### Work to complete
Please repeat, exactly and without pictures, the lines of the entries below that run from the one containing "La sesión del" through the one containing "Noriel Prot Álvarez".

### Extracted entries
== Segment start ==

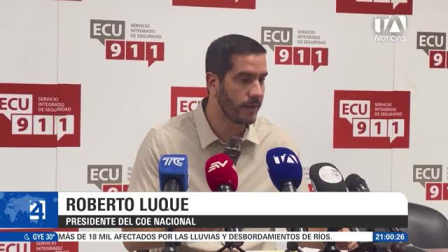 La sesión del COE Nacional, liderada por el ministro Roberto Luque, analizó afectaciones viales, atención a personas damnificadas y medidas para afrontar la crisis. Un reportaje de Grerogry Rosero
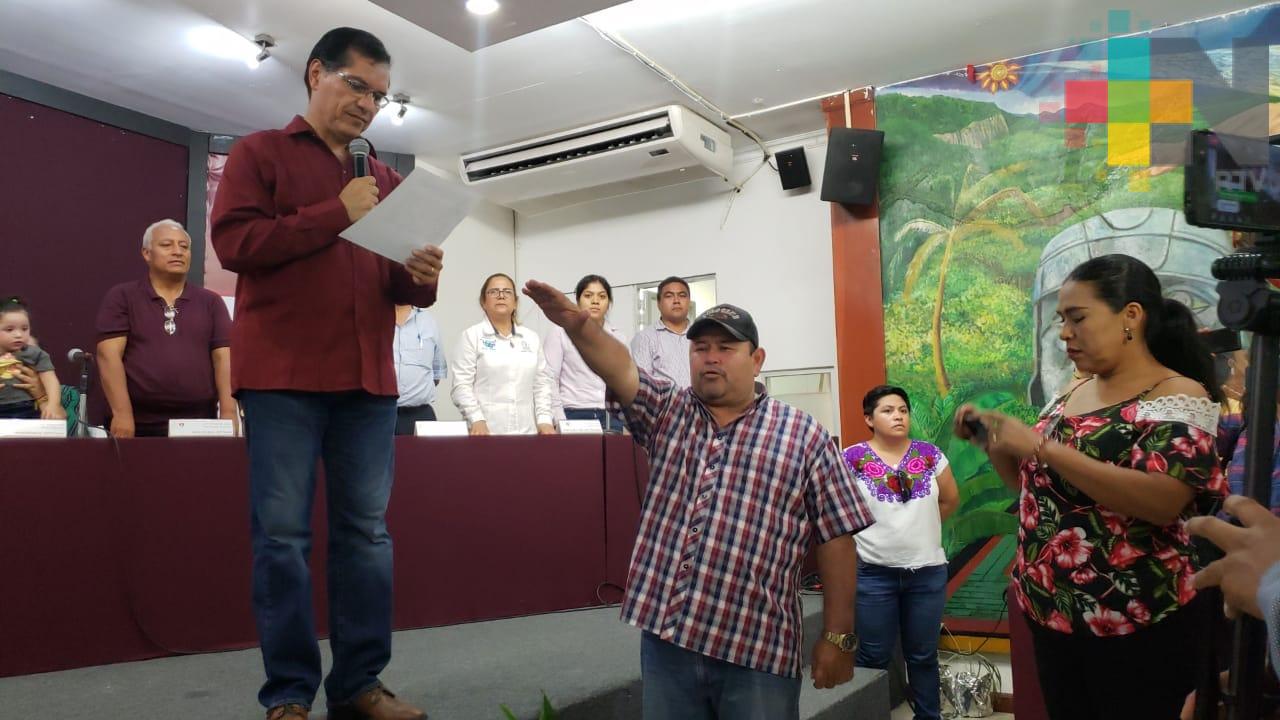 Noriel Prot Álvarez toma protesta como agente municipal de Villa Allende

== Segment end ==
== Segment start ==

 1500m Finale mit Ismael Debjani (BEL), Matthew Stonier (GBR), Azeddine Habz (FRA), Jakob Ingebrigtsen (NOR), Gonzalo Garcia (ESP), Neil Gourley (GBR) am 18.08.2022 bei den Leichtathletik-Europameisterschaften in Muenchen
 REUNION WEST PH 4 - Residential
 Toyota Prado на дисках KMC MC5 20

== Segment end ==
== Segment start ==

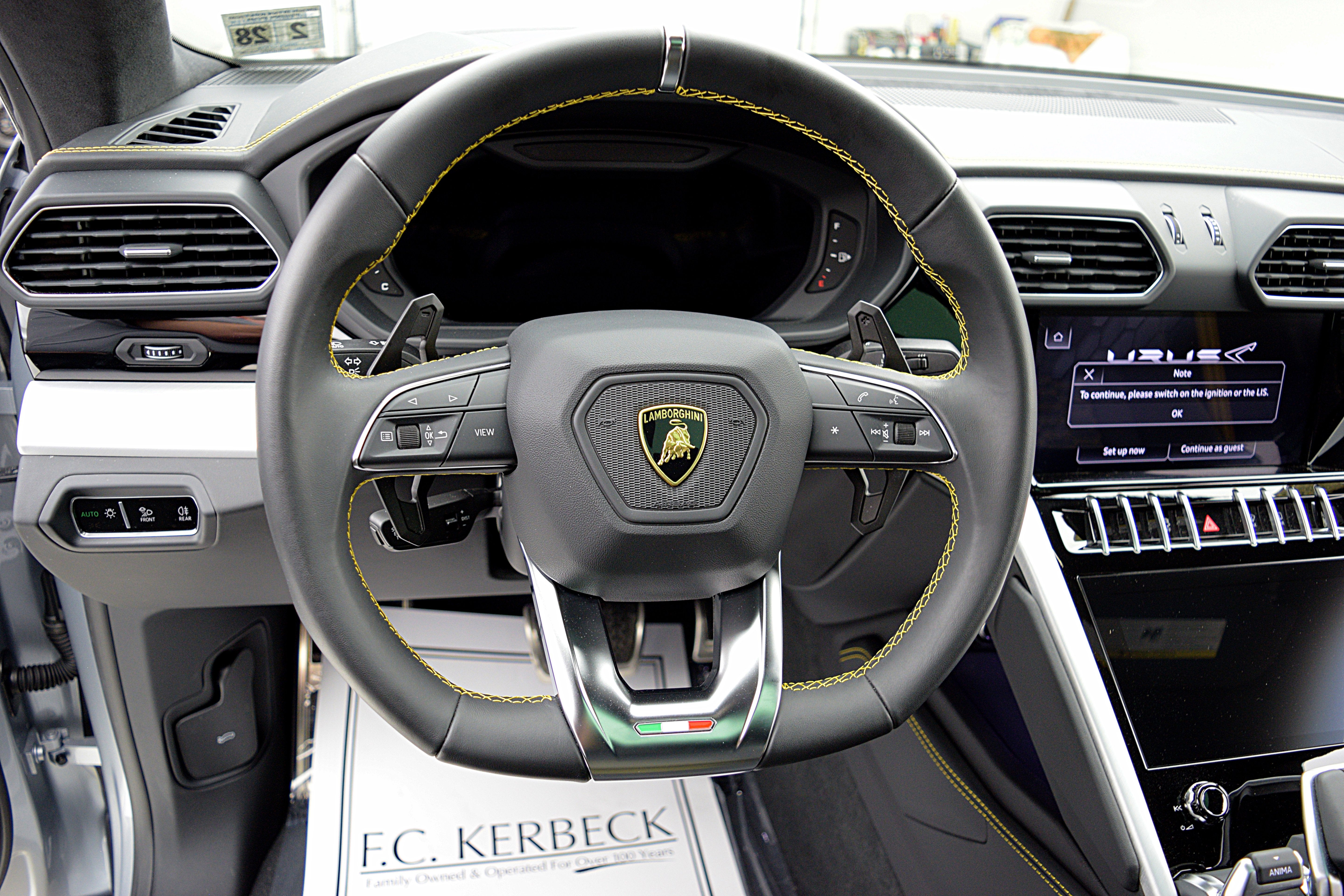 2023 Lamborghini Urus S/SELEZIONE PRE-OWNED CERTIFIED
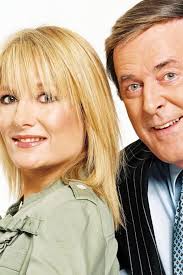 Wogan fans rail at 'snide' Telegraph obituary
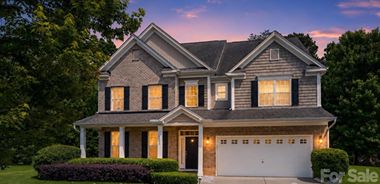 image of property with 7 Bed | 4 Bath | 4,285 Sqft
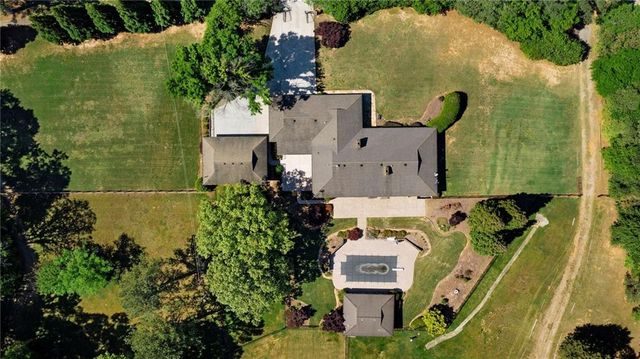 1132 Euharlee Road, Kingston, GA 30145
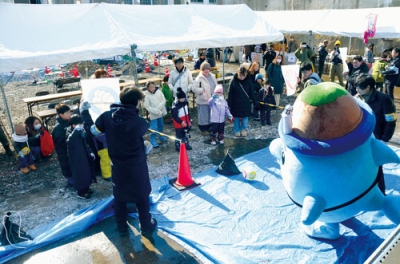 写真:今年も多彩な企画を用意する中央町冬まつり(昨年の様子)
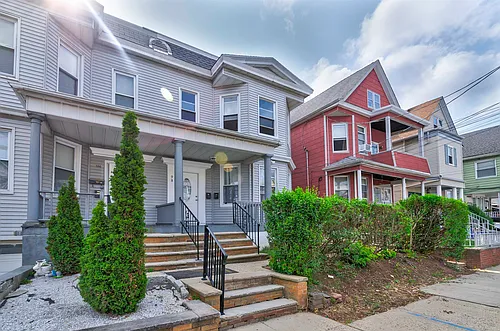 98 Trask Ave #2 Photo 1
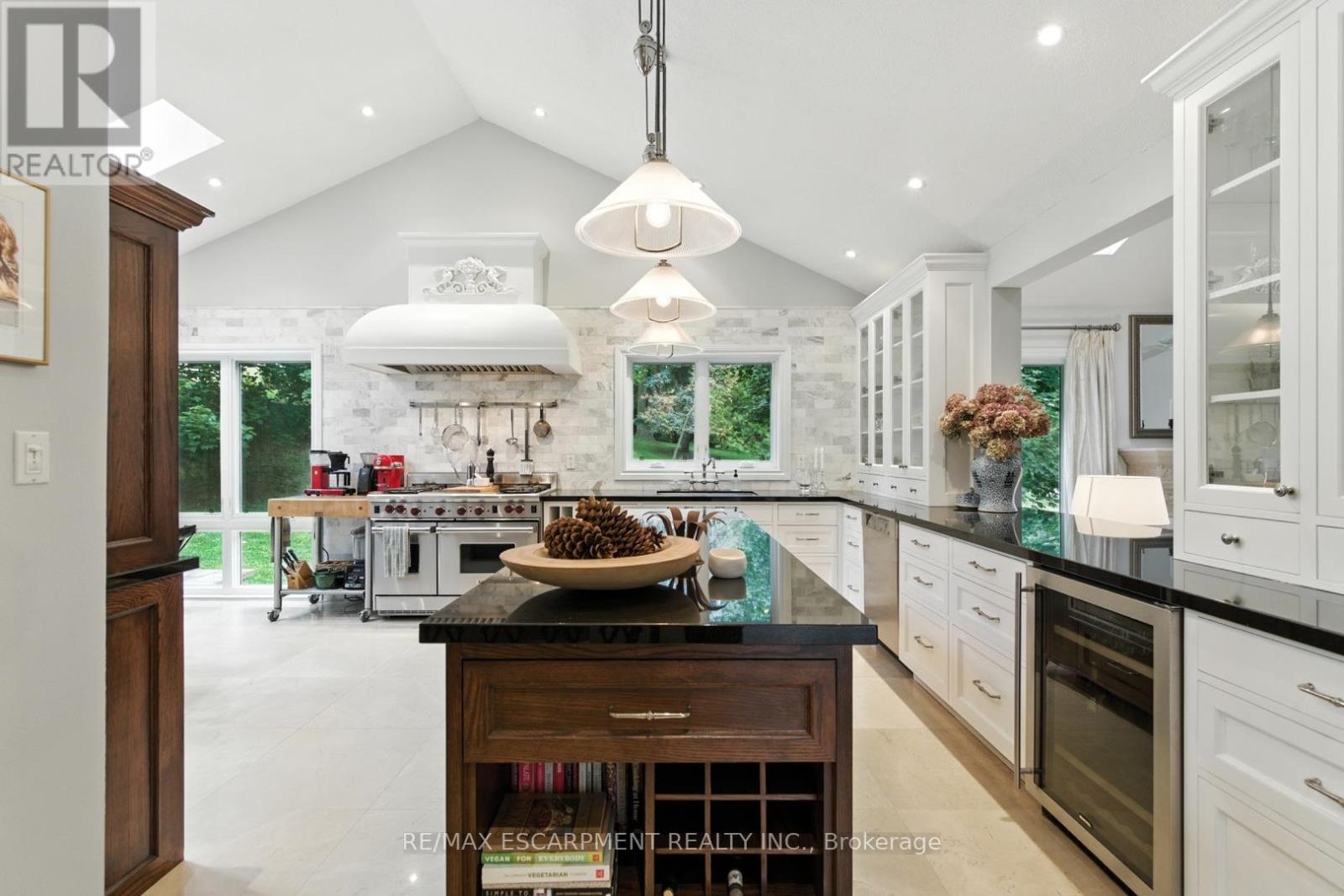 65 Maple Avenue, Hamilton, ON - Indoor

== Segment end ==

### The answer
 La sesión del COE Nacional, liderada por el ministro Roberto Luque, analizó afectaciones viales, atención a personas damnificadas y medidas para afrontar la crisis. Un reportaje de Grerogry Rosero
 Noriel Prot Álvarez toma protesta como agente municipal de Villa Allende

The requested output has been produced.